Public Health Administrator: Career and Salary Facts

Explore the career requirements for public health administrators. Get the facts about job duties, educational requirements, salary and career outlook to determine if this is the right career for you. Schools offering Health Services Administration degrees can also be found in these popular choices.

What Is a Public Health Administrator?

Healthcare administrators in general work to improve the efficiency and quality of healthcare services. They manage finances for facilities or departments and train staff. Public health administrators are a type of healthcare administrator who deals specifically with the public health sector. This includes improving community health and health education through the institutions that deal with public health. They may manage medical facilities such as medical departments, clinics or hospitals.

These professionals may raise funds for public health institutions, train staff, identify and set goals to deal with public health issues, create budgets, and develop public health initiatives. They may manage one department or an entire staff. Communication skills, knowledge of finance, management skills, and an education in health administration are key. The below table includes key details for becoming a public health administrator.

Degree Required Bachelor's degree at minimum; master's degree required to run major facilities
Education Field of Study Health services administration, public health, public administration
Key Responsibilities Manage healthcare facilities, staff and resources
Job Growth (2014-2024) 17% for all medical and health services managers*
Average Salary (2015) $106,070 for all medical and health services managers*

Source: *U.S. Bureau of Labor Statistics

What Does a Public Health Administrator Do?

As a public health administrator, or healthcare executive, you will manage health care facilities, equipment and entire staffs.
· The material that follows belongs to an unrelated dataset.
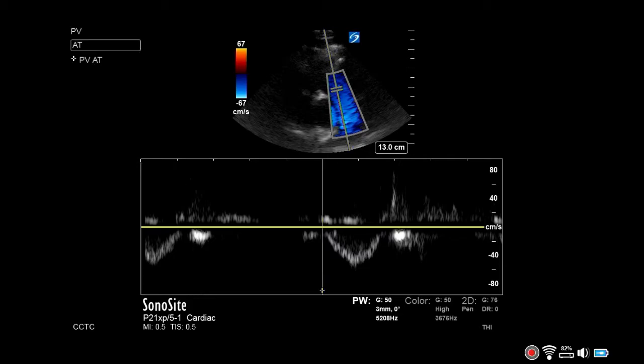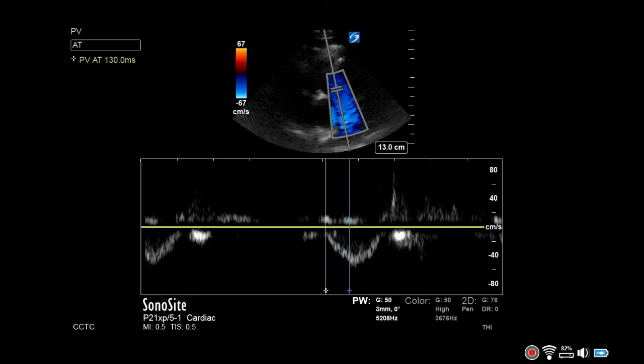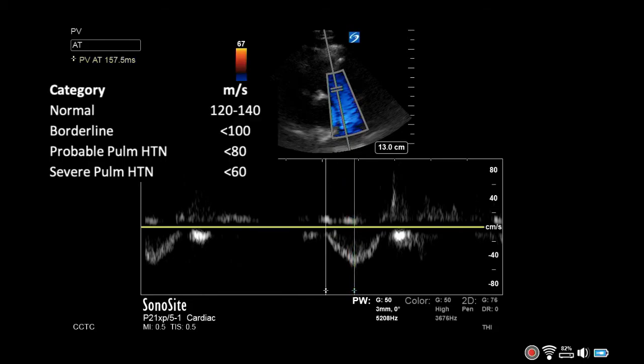Place the first time marker at the beginning of systole and the second at peak systolic velocity. The difference between these two points is the pulmonary acceleration time.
You can either specialize in running specific departments such as a clinic or a nursing department, or be a generalist who runs a whole system like a hospital. If you run a large facility you may have several assistant administrators below you to help manage medical records, health information activities, nursing, surgery and therapy. If you choose to be the administrator for a smaller organization or department you will likely handle the day-to-day operations yourself. Either way you will be expected to improve healthcare efficiency and quality regardless of changes in laws, technology and delivery systems.

Day-to-day activities include budget planning, authorizing expenses, fundraising and setting up service rates. You may also communicate with your board, staff and department heads; recruit and train personnel, schedule staff; and keep up with advances in medicine, technological diagnostic and treatment equipment and government regulations. You will also supervise medical, nursing, technical, clerical, service and maintenance staff, as well as monitor inpatient bed availability and set healthcare standards. In some positions you may also need to assess the needs of your community and create health education and prevention programs accordingly.
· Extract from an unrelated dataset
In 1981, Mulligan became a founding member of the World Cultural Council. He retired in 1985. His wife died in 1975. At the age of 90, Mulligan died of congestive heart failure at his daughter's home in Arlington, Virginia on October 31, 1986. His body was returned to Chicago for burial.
What Level of Education Do I Need?

To run a major facility you will need a master's degree in health sciences, health services administration, long-term care administration, public health, public administration or business administration. Some entry-level positions that oversee smaller facilities or specific departments may only require a bachelor's degree. Doctor's offices and some other facilities may hire you if you only have healthcare experience, like if you are a doctor or nurse, as opposed to requiring an administration-specific degree. It is common for healthcare administrators to start their careers as nurses or doctors and then switch to administration. Having healthcare experience will also give you an advantage if you apply to a health services master's program.
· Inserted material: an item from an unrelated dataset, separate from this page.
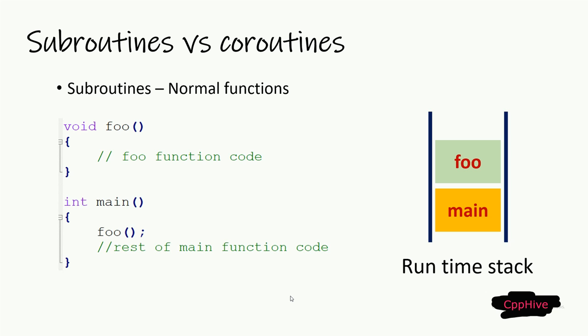Then, when main function goes out of scope, the stack frame corresponding to the main function will be popped from the running stack as well. So from the caller function, in this case main function, if we call foo function, then we have to wait until foo function returns. So from the main function point of view, execution is blocked at the foo function call until the function's execution is finished.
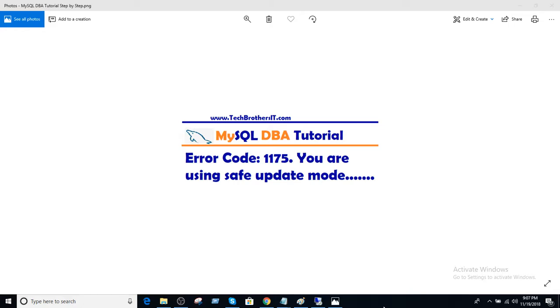Welcome to Tech Brothers with Amir. In this video we are going to learn about error code 1175. You are using safe update mode in MySQL workbench.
In addition to traditional college or university programs, some branches of the military will train you in a 12-week program (depending on your specialty) to be a healthcare administrator. A bachelor's degree is required for these programs.

How Much Can I Make?

According to the U.S. Bureau of Labor Statistics (BLS), medical and health services managers, including public health administrators, earned an average annual income of $106,070 in 2015 (www.bls.gov). Jobs in this field were anticipated to increase 17% during the 2014-2024 decade, which is much faster than average. More opportunities could be expected in private offices of healthcare practitioners.

What Are Some Related Alternative Careers?

Social and community service managers also manage staff, raise funds, and create budgets and initiatives that relate to the public and community. This position requires many similar skills to public health administration, though these managers work for social service organizations rather than healthcare facilities. The job requires at least a bachelor's degree, though a master's may be preferred in many cases. This field is not growing as rapidly as that of public health administrators, with 10% growth projected for 2014-2024.

Human resource managers work between top executives as they manage an organization's staff and growth. They are responsible for hiring new staff, strategic planning, and coordinating the administration of a company or organization. This position also requires a bachelor's degree at minimum; some positions may require a master's. This field is projected to see 9% growth in the 2014-2024 decade, per the BLS.